Cost per night: P500-P3000

Stay here if… You’re only staying for a few days, you don’t mind skimping on amenities, and you’d love to meet other people.

Check these out:

Airbnb

Photo Credit: The Shooting Star

Pros: Airbnb is all the rage right now–the startup, which launched at XX, is already valued at more than two billion dollars and is present in nearly 200 countries. The Philippines isn’t too far behind on the list, with investors buying condo units to rent to travelers. In fact, the number of Airbnb accommodations in the country amounts to more than 30,000. Like hostels, part of Airbnb’s charm is that it’s cheaper, and there’s the diversity of choices as well–instead of staying at a classic but ho-hum room, you can choose a rustic cabin, a cozy apartment, or even an entire island.
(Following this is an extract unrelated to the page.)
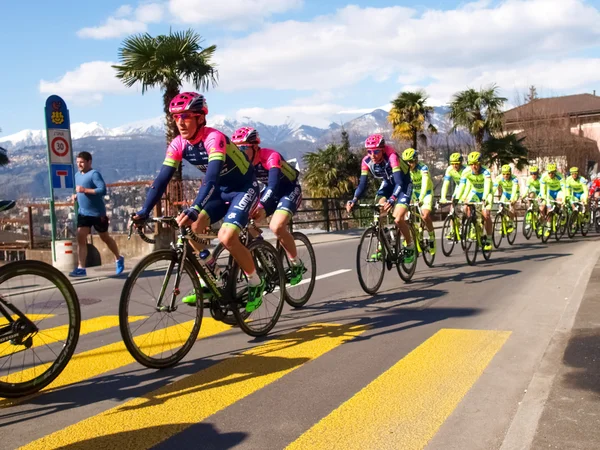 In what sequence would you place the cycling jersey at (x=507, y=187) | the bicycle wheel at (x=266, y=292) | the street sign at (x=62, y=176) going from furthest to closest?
the cycling jersey at (x=507, y=187), the street sign at (x=62, y=176), the bicycle wheel at (x=266, y=292)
Still, a huge chunk of accommodations resembles homestay. You can almost live like a local, and the address might bring you down interesting side-streets and detours you would never have explored otherwise.

Cons: Similar to hotels, although at a more extreme rate, Airbnbs tend to exist in pockets. They congregate in traveler-populated places, and dwindle down to nearly zero in other areas. This is compounded by the absurdly slow internet connection in the country, which might scrap online renting as an appealing business idea for many locals. The consequence of this for you is you might not get wi-fi when you stay over–and service is bound to be even less than that in hostels, with the additional payment of a cleaning fee. While Airbnb meticulously checks its listings for security purposes before approval, it’d be advisable for you to research on your own and double-confirm with the owner. There have been a few stories about owners ditching their pre-booked clients, although this is more of a rarity.

Cost per night: P1000-P3000  for apartments or condo units, but can reach up to P15,000+ for vacation houses and villas

Stay here if… You’re aiming to live like a local, and you’re willing to eschew hotel service and try the unfamiliar.